If you watch the entire tape I embedded above, you will notice that this is a consistent theme for Johnson throughout Senior Bowl week.
Now, refer back to the Miller sack on Rivers for a second. Even if Clary had recognized the pass rusher coming from the outside, he was in absolutely no position to keep him from getting to Rivers.
There is no reason to believe that this will be the case for Johnson should he land in San Diego with the 11th overall pick in April.
When Rivers has time to see the field in the pocket, he is among the best quarterbacks in the league. It is when he feels hurried and pressure comes from the outside that the struggling quarterback tends to make most of his mistakes.
It isn't a coincidence that his two "worst" seasons as a professional quarterback has come behind below-average offensive lines. While more mobile quarterbacks can improvise when facing pressure, it seems to really impact Rivers' play on the field.
As you can see above, Rivers throwing motion and technique are vastly improved when he doesn't have pressure in his face. That being said, as Matt Miller indicated in his BR 1000 article, Rivers has never had a great technique, even dating back to his North Carolina State days. He isn't similar to Matthew Stafford in the sense that his mechanics have taken a hit over the last year or so. Rather, Rivers had has success with below-average mechanics in the past.
This doesn't mean that his play is not impacted with pressure in his face. The following is another example of the fluidity that he can throw with when the pocket is clean.
Like most QBs, Rivers' decision making and accuracy takes a hit when the pocket is not clean.
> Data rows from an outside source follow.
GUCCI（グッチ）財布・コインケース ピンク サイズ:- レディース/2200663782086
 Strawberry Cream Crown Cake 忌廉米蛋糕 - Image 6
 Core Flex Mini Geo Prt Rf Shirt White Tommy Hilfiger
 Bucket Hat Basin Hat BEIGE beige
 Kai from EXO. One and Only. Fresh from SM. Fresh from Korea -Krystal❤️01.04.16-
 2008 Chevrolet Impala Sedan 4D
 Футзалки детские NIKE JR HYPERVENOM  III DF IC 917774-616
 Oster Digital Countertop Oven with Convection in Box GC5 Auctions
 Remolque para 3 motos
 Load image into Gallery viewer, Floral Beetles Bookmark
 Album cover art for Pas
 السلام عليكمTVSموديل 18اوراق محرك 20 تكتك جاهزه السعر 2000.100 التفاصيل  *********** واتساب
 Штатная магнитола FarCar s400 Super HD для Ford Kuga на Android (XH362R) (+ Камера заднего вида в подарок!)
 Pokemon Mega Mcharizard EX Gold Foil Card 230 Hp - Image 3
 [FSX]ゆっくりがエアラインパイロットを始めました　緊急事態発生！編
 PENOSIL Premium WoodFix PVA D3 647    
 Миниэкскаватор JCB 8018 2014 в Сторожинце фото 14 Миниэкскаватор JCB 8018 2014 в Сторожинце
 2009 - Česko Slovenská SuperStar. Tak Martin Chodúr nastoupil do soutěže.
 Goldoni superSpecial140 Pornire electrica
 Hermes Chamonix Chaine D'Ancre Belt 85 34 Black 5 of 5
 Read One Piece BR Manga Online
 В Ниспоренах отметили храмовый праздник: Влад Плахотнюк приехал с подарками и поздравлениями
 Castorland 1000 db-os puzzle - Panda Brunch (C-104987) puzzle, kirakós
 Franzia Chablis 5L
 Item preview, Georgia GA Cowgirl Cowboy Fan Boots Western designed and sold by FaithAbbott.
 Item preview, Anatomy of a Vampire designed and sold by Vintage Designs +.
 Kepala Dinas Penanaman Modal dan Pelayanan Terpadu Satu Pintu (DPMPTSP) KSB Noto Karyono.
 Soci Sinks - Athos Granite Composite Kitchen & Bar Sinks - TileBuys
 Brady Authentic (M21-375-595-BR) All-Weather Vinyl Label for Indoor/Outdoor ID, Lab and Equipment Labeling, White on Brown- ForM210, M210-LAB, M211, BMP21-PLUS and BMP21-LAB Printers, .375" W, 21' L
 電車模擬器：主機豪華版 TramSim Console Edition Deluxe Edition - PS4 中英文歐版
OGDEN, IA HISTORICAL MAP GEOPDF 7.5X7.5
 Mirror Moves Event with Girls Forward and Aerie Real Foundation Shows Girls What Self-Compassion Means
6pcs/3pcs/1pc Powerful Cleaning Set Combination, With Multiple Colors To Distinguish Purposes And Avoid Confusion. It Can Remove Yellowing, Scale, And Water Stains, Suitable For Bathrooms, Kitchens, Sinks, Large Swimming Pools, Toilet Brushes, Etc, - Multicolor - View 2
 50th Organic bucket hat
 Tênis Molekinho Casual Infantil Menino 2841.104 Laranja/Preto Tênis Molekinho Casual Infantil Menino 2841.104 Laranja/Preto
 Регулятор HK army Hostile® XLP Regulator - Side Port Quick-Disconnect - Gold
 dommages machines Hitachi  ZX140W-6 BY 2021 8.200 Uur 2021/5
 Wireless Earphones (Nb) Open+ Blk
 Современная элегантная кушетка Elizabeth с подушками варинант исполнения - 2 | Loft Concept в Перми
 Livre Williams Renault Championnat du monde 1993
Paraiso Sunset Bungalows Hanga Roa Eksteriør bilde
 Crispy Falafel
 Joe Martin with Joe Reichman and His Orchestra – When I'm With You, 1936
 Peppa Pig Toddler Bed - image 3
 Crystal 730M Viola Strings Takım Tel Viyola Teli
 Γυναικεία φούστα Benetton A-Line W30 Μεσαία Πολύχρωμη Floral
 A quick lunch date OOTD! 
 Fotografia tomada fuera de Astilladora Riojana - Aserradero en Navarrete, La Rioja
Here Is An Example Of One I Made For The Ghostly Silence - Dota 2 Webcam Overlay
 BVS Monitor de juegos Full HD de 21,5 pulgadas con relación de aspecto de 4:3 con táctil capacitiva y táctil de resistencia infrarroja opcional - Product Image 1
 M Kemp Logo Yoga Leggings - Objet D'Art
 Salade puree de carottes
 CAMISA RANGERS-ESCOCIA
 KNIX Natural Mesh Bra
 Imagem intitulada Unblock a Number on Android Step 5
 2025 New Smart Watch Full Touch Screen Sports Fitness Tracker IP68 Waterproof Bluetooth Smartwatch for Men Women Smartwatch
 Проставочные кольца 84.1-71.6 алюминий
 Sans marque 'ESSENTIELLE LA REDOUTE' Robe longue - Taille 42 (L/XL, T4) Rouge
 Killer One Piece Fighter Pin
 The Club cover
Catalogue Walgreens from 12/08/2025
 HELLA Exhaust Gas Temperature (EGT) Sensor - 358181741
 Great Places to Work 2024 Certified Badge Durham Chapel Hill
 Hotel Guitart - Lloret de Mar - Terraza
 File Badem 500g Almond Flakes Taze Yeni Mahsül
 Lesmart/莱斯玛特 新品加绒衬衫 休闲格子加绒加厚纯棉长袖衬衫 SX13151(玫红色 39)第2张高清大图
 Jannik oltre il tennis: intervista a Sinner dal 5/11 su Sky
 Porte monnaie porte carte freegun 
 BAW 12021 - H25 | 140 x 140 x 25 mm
This is one of the primary reasons that he has struggled so much in the past.
According to Pro Football Focus, Rivers was sacked sacked 8.5 percent of the time he dropped back to pass last season, good for 29th in the NFL. That represented an increase from 4.9 percent in 2011. It goes without saying that his success on the field were a directly impacted.
In addition, the Chargers' OTs as a group, were among the worst in the league. Michael Harris, Clary and, when healthy, Jared Gaither, just didn't get it done.
Take a look at what happens to Rivers already flawed mechanics when he gets pressure in his face.
As you can see, Rivers is way too upright in his release here. He doesn't get a whole heck of a lot into the throw and struggles with accuracy. It seems that he gets a case of the "I don't want to get hit" syndrome too often. Of course this seems to happen a great deal to quarterbacks that are actually hit a lot. In fact, we saw this with Aaron Rodgers to an extent this past season.
San Diego's new offense will run a zone-blocking scheme, similar to what we see with the Oakland Raiders. In that, it has to find a blindside protector capable of taking on pass rushers from the outside as there will not be a whole lot of help coming to that side.
This is something that Johnson was darn good at over the course of his career at Oklahoma.
The video above shows Johnson absolutely dominating against Jackson Jeffcoat, who would have been a first-round pick if it wasn't for an injury suffered in that very same game.
Overall, there is no reason to believe that Johnson will not be able to come in and dominate from the get go. He has the physical ability, technique and athleticism to be a blindside protector out of the gate. If San Diego can get that with the No. 11 overall pick in the 2013 NFL draft, it should be doing cartwheels.